I do not wish men to understand I had anything to do with our being moved here [to the Salt Lake Valley], that was the providence of the Almighty; it was the power of God that wrought out salvation for this people, I never could have devised such a plan (DBY, 480).
I did not devise the great scheme of the Lord’s opening the way to send this people to these mountains. Joseph contemplated the move for years before it took place, but he could not get here (DBY, 480).
In the days of Joseph we have sat many hours at a time conversing about this very country. Joseph has often said, “If I were only in the Rocky Mountains with a hundred faithful men, I would then be happy, and ask no odds of mobocrats” (DBY, 480).
We lived in Illinois from 1839 to 1844, by which time [enemies of the Church] again succeeded in kindling the spirit of persecution against Joseph and the Latter-day Saints. Treason! Treason! Treason! they cried, calling us murderers, thieves, liars, adulterers, and the worst people on the earth. … They took Joseph and Hyrum, and as a guarantee for their safety, Governor Thomas Ford pledged the faith of the State of Illinois. They were imprisoned [in Carthage, Illinois], on the pretense of safekeeping, because the mob was so enraged and violent. The Governor left them in the hands of the mob, who entered the prison and shot them dead. John Taylor, who is present with us today, was in the prison, too, and was also shot, and was confined to his bed for several months afterwards. After the mob had committed these murders, they came upon us and burned our houses and grain. When the brethren would go out to put out the fire, the mob would lie concealed under fences, and in the darkness of the night, they would shoot them (DBY, 473).
In the year 1845 I addressed letters to all the Governors of states and territories in the Union, asking them for an asylum, within their borders, for the Latter-day Saints. We were refused such privilege, either by silent contempt or a flat denial in every instance. They all agreed that we could not come within the limits of their territory or state (DBY, 474).
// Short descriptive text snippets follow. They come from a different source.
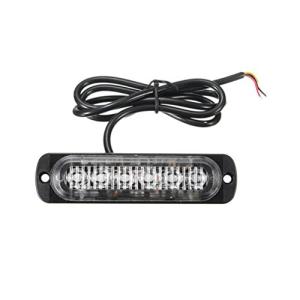 VORCOOL ストロボライト LED 赤色ledライト 18W 12-24V 6LED 緊急用ストロボライト 緊急用ランプ トラック 非常灯 点滅ランプ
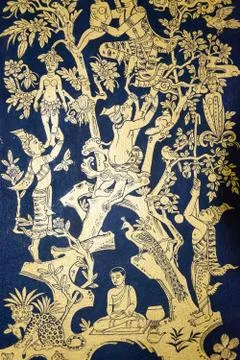 The surface of the literature of Thailand Stock Photos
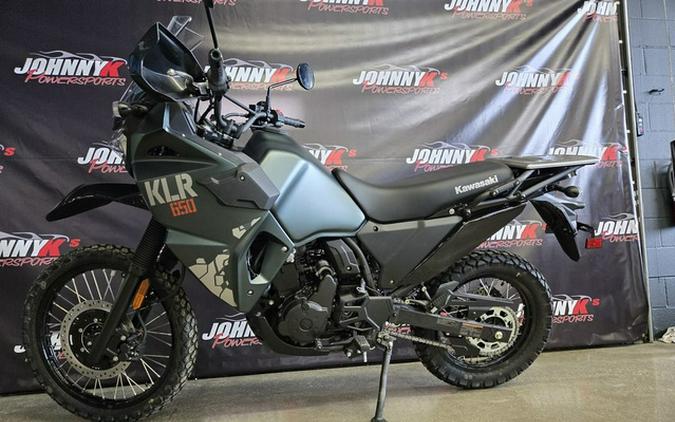 2025 Kawasaki KLR650 Metallic Matte Old School Green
Three congressmen came [to Nauvoo] in the fall of 1845, and had a conference with the Twelve and others; they were desirous that we should leave the United States. We told them we would do so, we had stayed long enough with them; we agreed to leave the State of Illinois in consequence of that religious prejudice against us that we could not stay in peace any longer. These men said the people were prejudiced against us. Stephen A. Douglas, one of the three, had been acquainted with us. He said, “I know you, I know Joseph Smith; he was a good man,” and this people are a good people; but the prejudices of the … ungodly are such that, said he, “Gentlemen, you cannot stay here and live in peace.” We agreed to leave. We left Nauvoo in February, 1846 (DBY, 473).
I crossed the Mississippi River, with my brethren, for this place, not knowing, at that time, whither we were going, but firmly believing that the Lord had in reserve for us a good place in the mountains, and that he would lead us directly to it (DBY, 482).
We were menaced on every side by the cruel persecutions of our inveterate enemies; hundreds of families, who had been forced from their homes, and compelled to leave behind them their all, were wandering as exiles in a state of abject destitution (DBY, 482).
We were migrating, we knew not whither, except that it was our intention to go beyond the reach of our enemies. We had no home, save our wagons and tents, and no stores of provisions and clothing; but had to earn our daily bread by leaving our families in isolated locations for safety, and going among our enemies to labor (DBY, 478).
We travelled west, stopping in places, building settlements, where we [temporarily] left the poor who could not travel any farther with the company (DBY, 474).
When we were right in the midst of Indians, who were said to be hostile, five hundred men were called to go to Mexico to fight [in the Mexican War, 1846–48] (DBY, 476).
I went myself, in company with a few of my brethren, between one and two hundred miles along the several routes of travel, stopping at every little camp, using our influence to obtain volunteers, and on the day appointed for the rendezvous [16 July 1846 at Council Bluffs, Iowa] the required complement was made up; and this was all accomplished in about twenty days from the time that the requisition was made known (DBY, 479).
That battalion took up their line of march from Fort Leavenworth by way of Santa Fe, and over the desert and dreary route, and planted themselves in the lower part of California, to the joy of all the officers and men that were loyal. At the time of their arrival, General [Stephen W.] Kearny was in a [difficult] position, and Colonel P. St. George Cooke [the battalion’s new leader] promptly marched the battalion to his relief, and said to him, “We have the boys here now that can put all things right.” The boys in that battalion performed their duty faithfully. I never think of that little company of men without the next thoughts being, “God bless them for ever and for ever.” All this we did to prove to the Government that we were loyal (DBY, 477).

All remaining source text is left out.